Hard money loans are short-term loans taken by real estate investors to buy residential or commercial properties. Private money lenders give out these loans at slightly higher rates than traditional banks. Hard money loans come with shorter repayment periods, usually 12 to 18 months, with rates falling between 7% and 12%. The loan’s processing period is one to two weeks, making it an attractive option for many investors.
Private money Lenders expect borrowers to make monthly payments (interest only) with the remaining amounts payable at the end of the loan term. This payment arrangement makes it ideal for investors looking to flip the property then use the lump sum to repay the debt.
Since the property to be bought is used as collateral, both the lender and the borrower minimize their risks. However, the risk isn’t fully eliminated, and defaulting on the loan allows the lender to sell the property and cover the outstanding loan.

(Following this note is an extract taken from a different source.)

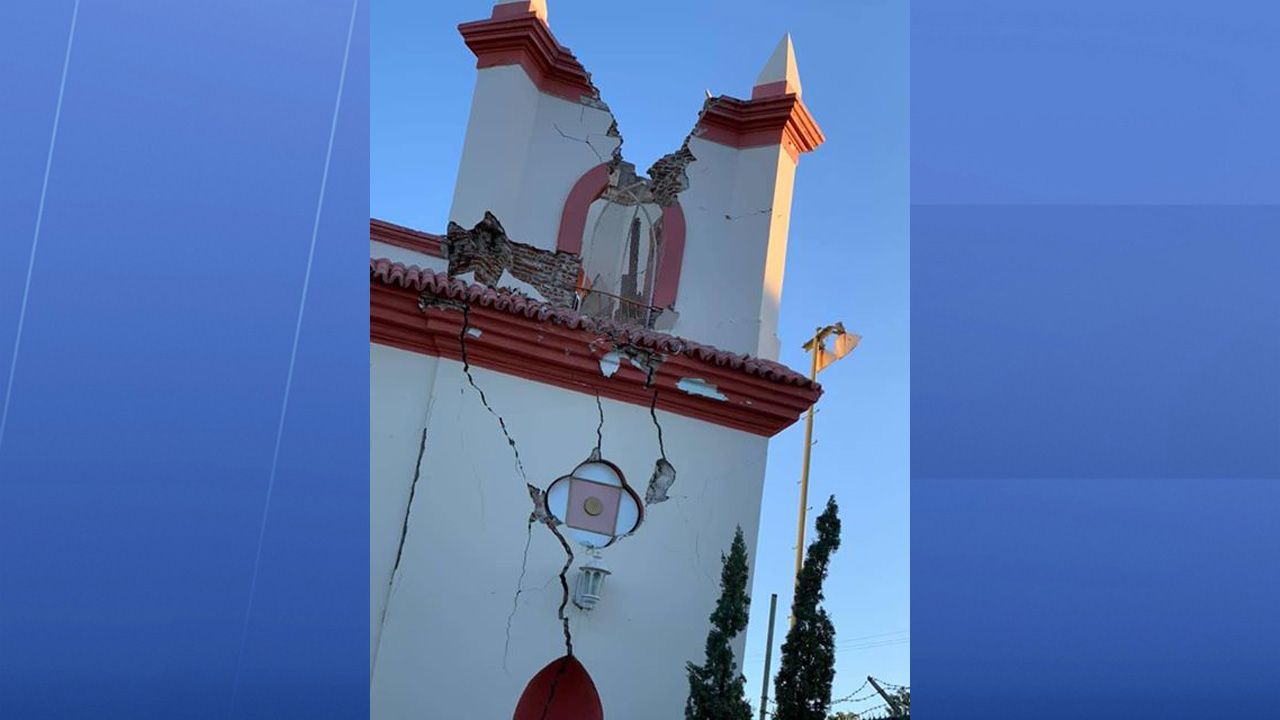 Damage, like that of the Guayanilla Catholic Church, can be seen in the town of Guayanilla after a powerful earthquake struck Puerto Rico on Tuesday, January 7, 2020. (Photo courtesy of the family and friends of Belisa Rivera Negron)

Hard Money Loans Requirements
To qualify for hard money loans, you will need to meet a set of requirements. Most lenders define their requirements based on the risks they can comfortably incur and the profits they project as a result. For instance, lowering the down payment may increase the chances of losing more money in case of a default. However, it may also attract more experienced investors, bringing in more business for the lender.
These are the three most common hard money loan requirements.
- Having the Required Down payment. Most lenders require borrowers to contribute 50% to 25% of the property’s value towards the deal. This means the best lender will only fund 75% of the total cost of the property. If you cannot raise the down payment within a given timespan, the lender may choose to cancel your deal.
- Real Estate Experience. The housing market can be quite volatile, and it’s not uncommon to hold on to a property for years with no sign of a serious buyer. Veteran investors are always aware of the possible challenges, and they can use their experience to navigate bear markets. This gives veteran investors a competitive advantage over new ones.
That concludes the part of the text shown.